DEVENS -- All might be quiet out in Devens -- aside from the general rumble of nearby military drills -- but the fort is gearing up for a number of potential projects that make it unlikely to disappear anytime soon.
Going through a number of the fort's current projects, Fort Devens Commander Lt. Col. Steven Egan assured listeners at a Fort Devens Museum talk that "Devens is here to stay."
Current projects include a 600-meter known distance range likely finished in September, and classroom upgrades to improve the exterior walls.
Egan said the fort has also been pushing energy projects and initiatives, modernizing 75 percent of the building inventory to reduce energy usage.
These include insulated windows, LED lights and energy-efficient boilers in eight buildings.
Although decommissioned in 1996, Fort Devens serves as a training facility not only for the armed forces, but the FBI, state and local police, and others.
Last year, the fort's facility usage increased to the highest number since 2010, Egan said. Training -- mainly done on the 4,800-acre South Post parcel -- is the fort's focus.
"On busy drill weekends, we'll have a couple thousand people on the base, some more out at the range, we'll have our barracks completely filled," he said.
A live fire shoot house, opened in 2012, allows soldiers to train in a number of indoor situations. One course trains soldiers in an urban setting, featuring 10 buildings with a "Third World facade," Egan said.
Unlike in the past, Egan said, soldiers are now fighting in towns -- a world of difference from fighting in a forest.
"Buildings are difficult," he said. "They're dangerous, difficult and it's harder to do."

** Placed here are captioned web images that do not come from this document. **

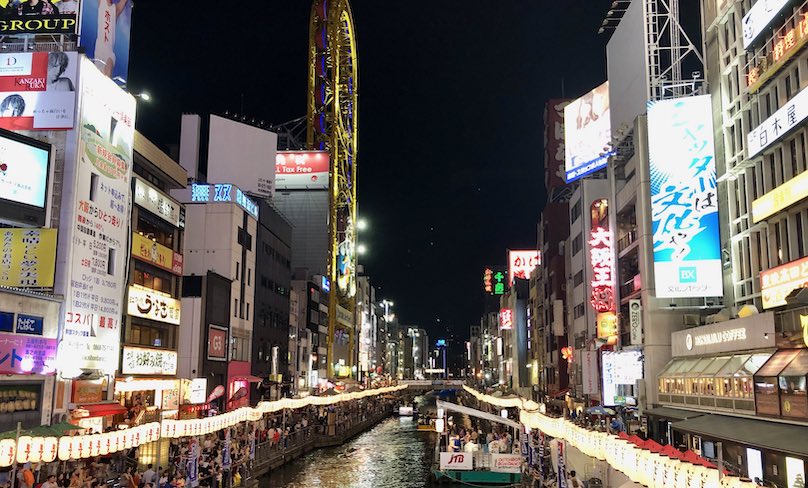 Neon Leuchtreklame in Japan Osaka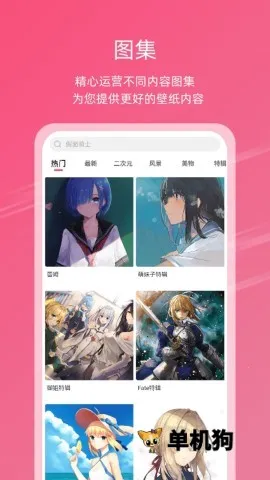 Ԫ����ֽ�ƽ��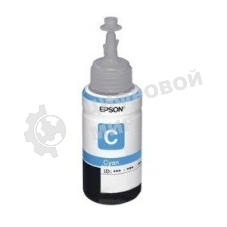 Чернила для Epson C13T66424A Epson L100 (cyan) 70 мл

Meanwhile at the fort's main post, some buildings are not in use and may be taken down.
Egan said that one study showed the main post had a significant amount of excess capacity.
"We just don't have every building full and there's some we just don't need," he said. "Some are older and we're spending a lot of money to maintain buildings when we don't have a lot of money to do it."
Right now, he explained, there is a proposal to consolidate the unused space. Another analysis will determine the square footage the fort actually needs.
Other potential projects -- including geothermal and solar power at the fort -- could receive state funding from the new military-bond bill that Gov. Deval Patrick signed in March.
Egan said he likes to think of the fort as part of the community, not just of Devens but also Ayer, Shirley, Lancaster and Harvard.
"The support I see here at Devens from the surrounding community is unlike anything I've seen anywhere else," he said.
Despite all the activity at the fort, Egan does not anticipate regular military coming back to Devens -- based on reductions in size, he said, the army is looking to close more bases.
"I don't foresee them opening a base up here," he said of Fort Devens. "But I foresee them keeping what's here because of what it provides to the units in New England."